What you need to do:
Below are entries. Reproduce exactly the lines between the line holding "POESÍA REUNIDA VOLUMEN" and the line holding "Breeze The Bianco", inclusive, and only those.
(Data provided)
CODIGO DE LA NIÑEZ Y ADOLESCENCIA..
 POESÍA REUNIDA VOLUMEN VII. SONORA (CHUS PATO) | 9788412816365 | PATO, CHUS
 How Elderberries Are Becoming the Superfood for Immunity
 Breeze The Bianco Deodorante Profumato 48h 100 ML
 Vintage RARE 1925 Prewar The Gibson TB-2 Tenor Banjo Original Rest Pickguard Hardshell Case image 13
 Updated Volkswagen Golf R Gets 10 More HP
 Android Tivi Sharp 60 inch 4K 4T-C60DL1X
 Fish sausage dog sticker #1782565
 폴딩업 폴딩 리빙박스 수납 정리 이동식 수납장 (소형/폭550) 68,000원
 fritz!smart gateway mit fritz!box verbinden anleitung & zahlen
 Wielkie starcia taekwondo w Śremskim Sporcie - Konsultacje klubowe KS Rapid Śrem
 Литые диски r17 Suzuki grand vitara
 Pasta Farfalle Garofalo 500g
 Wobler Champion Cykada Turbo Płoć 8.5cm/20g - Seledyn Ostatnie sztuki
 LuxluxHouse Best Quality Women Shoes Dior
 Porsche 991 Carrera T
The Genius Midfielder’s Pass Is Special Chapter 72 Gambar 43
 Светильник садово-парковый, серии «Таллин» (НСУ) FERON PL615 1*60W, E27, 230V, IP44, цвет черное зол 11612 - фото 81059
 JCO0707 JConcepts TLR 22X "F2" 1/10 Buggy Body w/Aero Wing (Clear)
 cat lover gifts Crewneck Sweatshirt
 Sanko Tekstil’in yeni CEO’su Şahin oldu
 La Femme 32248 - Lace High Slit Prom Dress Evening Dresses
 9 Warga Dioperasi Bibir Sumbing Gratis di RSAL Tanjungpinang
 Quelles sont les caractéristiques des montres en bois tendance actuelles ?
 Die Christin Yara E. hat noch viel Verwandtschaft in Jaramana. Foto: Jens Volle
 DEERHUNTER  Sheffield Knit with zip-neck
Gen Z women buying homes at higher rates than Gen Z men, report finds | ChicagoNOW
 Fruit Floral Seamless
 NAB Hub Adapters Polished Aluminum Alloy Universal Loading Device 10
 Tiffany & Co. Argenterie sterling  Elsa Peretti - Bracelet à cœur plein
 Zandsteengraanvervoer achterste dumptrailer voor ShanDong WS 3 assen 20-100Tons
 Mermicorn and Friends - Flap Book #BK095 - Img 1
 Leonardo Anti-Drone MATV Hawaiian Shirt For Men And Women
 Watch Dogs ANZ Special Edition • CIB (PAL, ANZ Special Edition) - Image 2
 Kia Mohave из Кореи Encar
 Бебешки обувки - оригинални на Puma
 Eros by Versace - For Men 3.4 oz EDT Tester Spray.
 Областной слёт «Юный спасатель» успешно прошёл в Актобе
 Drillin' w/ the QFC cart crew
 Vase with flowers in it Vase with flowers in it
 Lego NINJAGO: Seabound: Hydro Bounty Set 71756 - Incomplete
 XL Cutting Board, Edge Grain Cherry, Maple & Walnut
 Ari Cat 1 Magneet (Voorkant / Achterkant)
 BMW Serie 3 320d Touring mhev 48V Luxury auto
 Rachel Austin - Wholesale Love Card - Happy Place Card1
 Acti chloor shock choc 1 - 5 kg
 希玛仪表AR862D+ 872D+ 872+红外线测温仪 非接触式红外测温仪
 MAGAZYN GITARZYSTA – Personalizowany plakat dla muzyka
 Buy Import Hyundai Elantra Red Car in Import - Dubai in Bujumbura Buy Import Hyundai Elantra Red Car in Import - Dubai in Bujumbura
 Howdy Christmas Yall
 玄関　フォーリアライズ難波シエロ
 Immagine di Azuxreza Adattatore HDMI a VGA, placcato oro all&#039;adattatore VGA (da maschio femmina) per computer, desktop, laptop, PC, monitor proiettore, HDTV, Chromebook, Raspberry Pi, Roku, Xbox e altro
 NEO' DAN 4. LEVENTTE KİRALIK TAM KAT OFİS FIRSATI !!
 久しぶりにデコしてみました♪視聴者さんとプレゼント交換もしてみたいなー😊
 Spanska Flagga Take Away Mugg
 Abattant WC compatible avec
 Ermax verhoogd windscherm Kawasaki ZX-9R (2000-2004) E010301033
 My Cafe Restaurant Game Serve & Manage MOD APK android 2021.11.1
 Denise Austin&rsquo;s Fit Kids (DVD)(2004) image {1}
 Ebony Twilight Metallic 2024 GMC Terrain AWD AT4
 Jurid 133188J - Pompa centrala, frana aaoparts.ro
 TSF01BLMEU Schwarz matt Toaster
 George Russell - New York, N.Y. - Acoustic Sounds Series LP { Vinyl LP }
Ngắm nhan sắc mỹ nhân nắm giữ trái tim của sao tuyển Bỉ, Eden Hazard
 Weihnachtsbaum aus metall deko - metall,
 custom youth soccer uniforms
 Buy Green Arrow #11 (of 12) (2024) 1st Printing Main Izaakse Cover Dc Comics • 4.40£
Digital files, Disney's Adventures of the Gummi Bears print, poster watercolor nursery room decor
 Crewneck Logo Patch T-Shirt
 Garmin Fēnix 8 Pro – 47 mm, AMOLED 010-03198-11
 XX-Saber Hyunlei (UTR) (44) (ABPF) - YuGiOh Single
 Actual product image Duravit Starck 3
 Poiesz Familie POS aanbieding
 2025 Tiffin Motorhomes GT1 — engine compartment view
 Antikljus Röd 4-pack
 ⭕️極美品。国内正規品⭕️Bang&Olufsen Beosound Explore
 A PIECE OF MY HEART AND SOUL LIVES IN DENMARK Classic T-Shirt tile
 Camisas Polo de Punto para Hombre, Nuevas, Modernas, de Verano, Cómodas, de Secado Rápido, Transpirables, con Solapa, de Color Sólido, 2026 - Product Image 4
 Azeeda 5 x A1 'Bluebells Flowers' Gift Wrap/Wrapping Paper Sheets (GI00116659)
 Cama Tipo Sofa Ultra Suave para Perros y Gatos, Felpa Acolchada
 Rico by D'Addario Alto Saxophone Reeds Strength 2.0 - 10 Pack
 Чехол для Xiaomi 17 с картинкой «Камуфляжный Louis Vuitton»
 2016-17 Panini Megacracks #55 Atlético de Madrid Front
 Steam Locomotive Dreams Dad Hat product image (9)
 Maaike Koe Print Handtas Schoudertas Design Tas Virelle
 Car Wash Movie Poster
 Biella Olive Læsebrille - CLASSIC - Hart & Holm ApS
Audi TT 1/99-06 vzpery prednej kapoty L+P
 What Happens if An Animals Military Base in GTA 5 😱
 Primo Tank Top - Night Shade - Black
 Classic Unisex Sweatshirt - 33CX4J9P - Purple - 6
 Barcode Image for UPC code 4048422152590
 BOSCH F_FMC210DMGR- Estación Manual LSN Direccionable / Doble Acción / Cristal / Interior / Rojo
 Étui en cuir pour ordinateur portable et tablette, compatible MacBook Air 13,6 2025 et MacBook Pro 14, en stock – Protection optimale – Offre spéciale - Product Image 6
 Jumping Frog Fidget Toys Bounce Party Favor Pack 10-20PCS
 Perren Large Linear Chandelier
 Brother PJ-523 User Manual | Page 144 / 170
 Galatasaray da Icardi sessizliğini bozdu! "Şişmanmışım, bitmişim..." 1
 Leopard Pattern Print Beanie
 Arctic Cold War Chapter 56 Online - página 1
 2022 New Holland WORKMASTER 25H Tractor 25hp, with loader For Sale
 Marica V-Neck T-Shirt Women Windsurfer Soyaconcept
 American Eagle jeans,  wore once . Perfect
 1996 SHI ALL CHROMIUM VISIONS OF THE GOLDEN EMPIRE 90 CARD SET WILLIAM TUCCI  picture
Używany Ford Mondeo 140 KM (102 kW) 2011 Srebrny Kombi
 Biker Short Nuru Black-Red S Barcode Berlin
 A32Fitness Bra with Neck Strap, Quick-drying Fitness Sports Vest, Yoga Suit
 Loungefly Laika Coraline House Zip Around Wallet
(End Data provided)
Reply:
 POESÍA REUNIDA VOLUMEN VII. SONORA (CHUS PATO) | 9788412816365 | PATO, CHUS
 How Elderberries Are Becoming the Superfood for Immunity
 Breeze The Bianco Deodorante Profumato 48h 100 ML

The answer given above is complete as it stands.